#### Supplied information

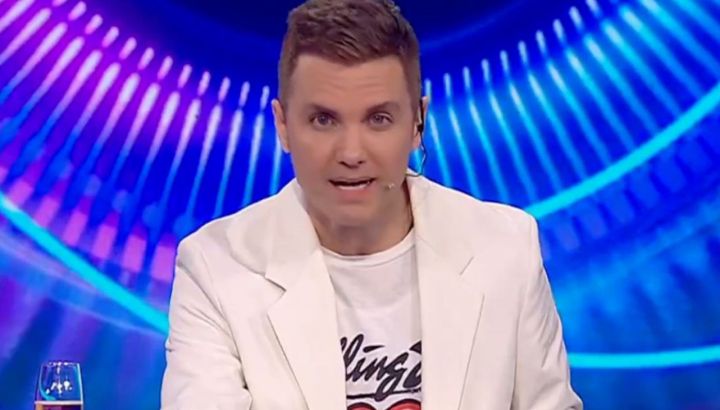 Santiago del Moro reveló si habrá una nueva edición de Gran Hermano: los detalles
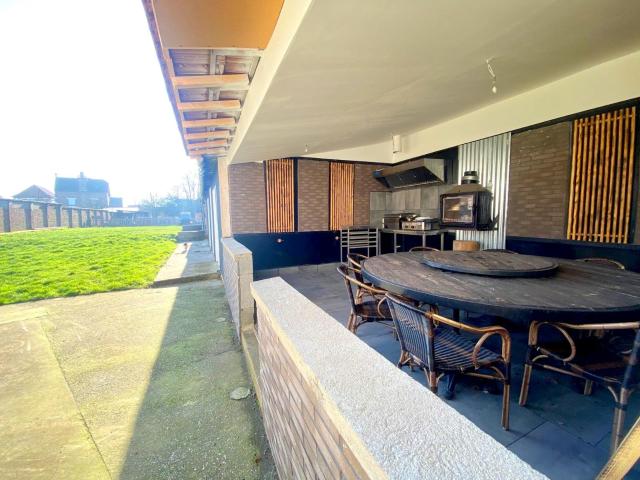 Maison vente à Amiens, Villers-bretonneux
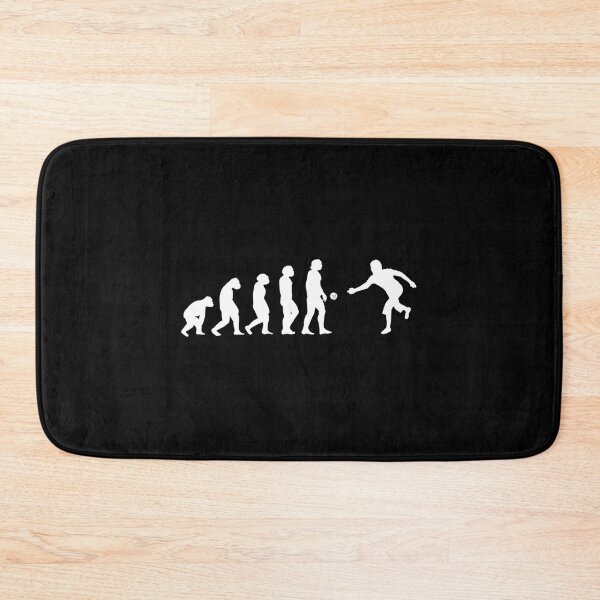 Item preview, Evolution Pétanque Boule Boccia Retro Boules Classic T-Shirt designed and sold by lambstout2.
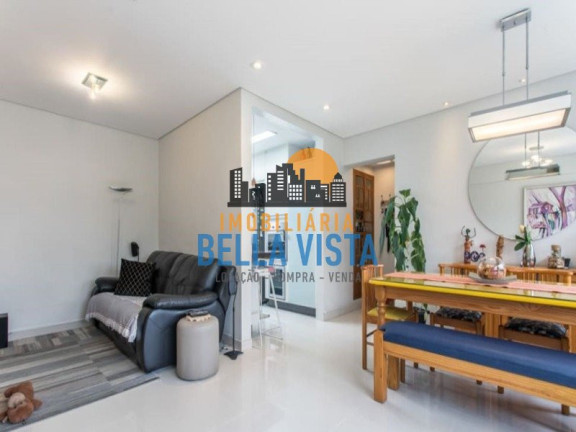 Imagem Apartamento com 3 Quartos à Venda, em Aclimação - São Paulo Imagem Apartamento com 3 Quartos à Venda, em Aclimação - São Paulo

########

▸ **Your objective**:
When you find the line that contains "Maison vente à Amiens, Villers-bretonneux", retype it and every line after it through the end of the data above, exactly, with no pictures.

▸ **Solution below**:
 Maison vente à Amiens, Villers-bretonneux
 Item preview, Evolution Pétanque Boule Boccia Retro Boules Classic T-Shirt designed and sold by lambstout2.
 Imagem Apartamento com 3 Quartos à Venda, em Aclimação - São Paulo Imagem Apartamento com 3 Quartos à Venda, em Aclimação - São Paulo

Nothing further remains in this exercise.